Dedication Program Recognizes Donors
The Rev. Paul R. Taylor, O.S.B., executive vice president of Saint Vincent College, served as master of ceremonies for the 4 p.m. program which included a welcome by Br. Norman W. Hipps, O.S.B., president of Saint Vincent College; words of gratitude by J. Christopher Donahue, chairman of the Saint Vincent College board of directors; and dedication prayer and blessing by the Rt. Rev. Douglas R. Nowicki, O.S.B., archabbot of Saint Vincent Archabbey and chancellor of Saint Vincent College. A reception and tours of the Sis and Herman Dupré Science Pavilion which was completed in December followed the program.
The dedication program also included the singing of the national anthem by the Saint Vincent College Singers directed by Thomas Octave.
In conjunction with the dedication, it was announced that the $39 million Shaping the Future fundraising campaign had been successfully completed and exceeded.

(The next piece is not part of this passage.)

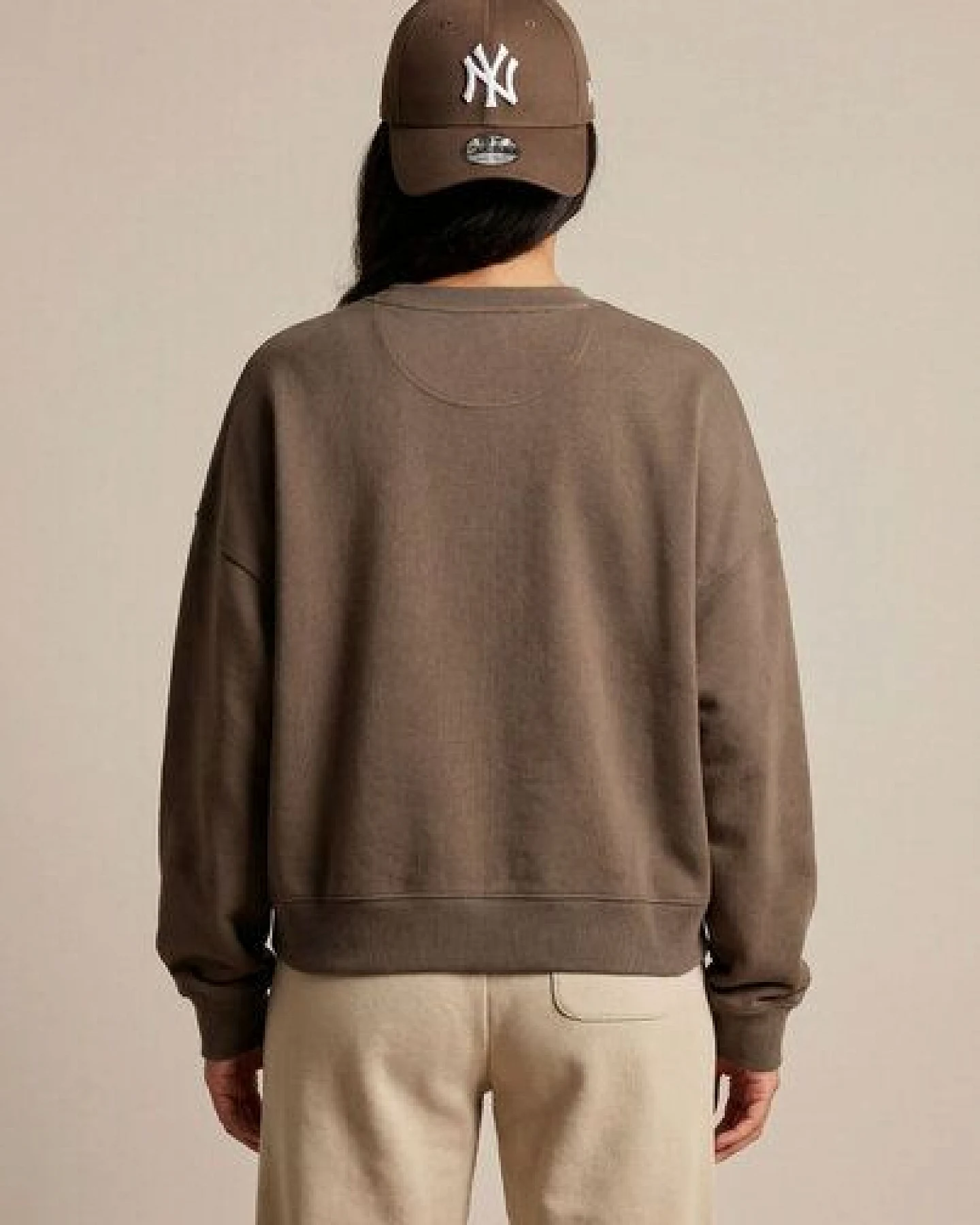 THE FACE OF ELEMENTS IT'S THE LOVE STUPID - RELAXED BOXY FIT SWEATSHIRT AUS 100% BIO-BAUMWOLLE – Ansicht 2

Nearly a thousand donors were recognized for their contributions including the family and friends of Sis and Herman Dupré, Richard King Mellon Foundation, Commonwealth of Pennsylvania, Dr. and Mrs. Herbert W. Boyer, J. Christopher and Ann Donahue, The Dunlap Family and CentiMark Corporation, Fidelity Investments Charitable Gift Fund, Eden Hall Foundation, Evelyn and Batista Madonia Sr., Katherine Mabis McKenna Foundation Inc., Betty and Glen C. Tenley, Thomas J. and Sandra L. Usher Charitable Foudation, Ronald J. Lieb, D.D.S., Jim and Mary Ellen Will, Margaret A. Cargill Foundation, Donald and Mary Haile, Mr. and Mrs. Ralph H. Liberatore, Dr. John R. and Rosemary Mazero, Joseph P. Rich, Angelo J. Taiani and the Benedictine Monks of Saint Vincent Archabbey.